Common baby birthmarks include strawberry haemangioma (raised crimson marks that usually appear within a few days or weeks after birth), café au lait spots (smooth, oval marks that are various shades of brown) and Mongolian spots (smooth, blue or blue-gray marks, usually found on the lower part of the body). Port-wine stains, which are caused by the improper growth of blood vessels, can cover a large part of the body or face; these birthmarks may cause a cosmetic concern, but they’re not medically harmful.

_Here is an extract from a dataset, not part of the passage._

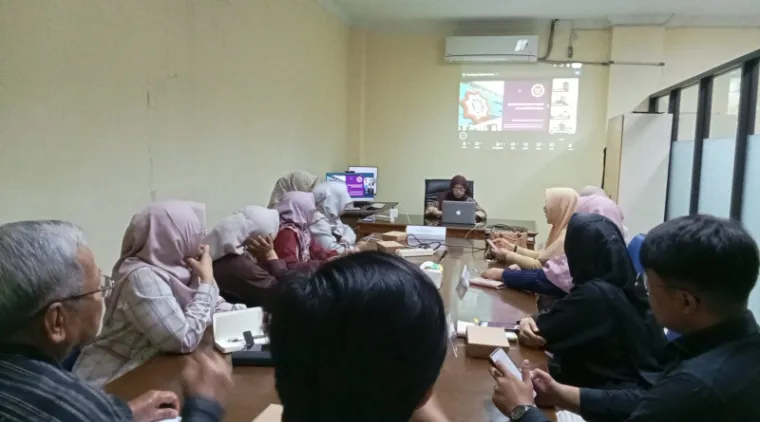 Suasana Pelatihan Penyelia Halal Angkatan 4 Unit Pendukung Teknis (UPT) Halal PDS Universitas Negeri Padang (UNP). Foto: Humas UNP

“Rarely does a birthmark need to be treated because it causes a medical problem,” Trieu says. “Birthmarks that grow on internal organs need treatment because they can cause problems with sight, breathing, hearing, speech and movement, based on the organ they grow onto.”

Birthmarks on internal organs are very rare, Trieu says, and are detectable from birth by a doctor’s manual external examination of the baby’s internal organs. If certain birthmarks are visible on the baby’s skin, the doctor should pay special attention to the baby’s organs during an examination, according to Trieu.

“When you feel any mass, when you see an extra bulge, you want to do [medical] imaging,” Trieu says.

But, Trieu emphasizes, even though most birthmarks are harmless, parents shouldn’t be afraid to ask their child’s pediatrician if they’re concerned.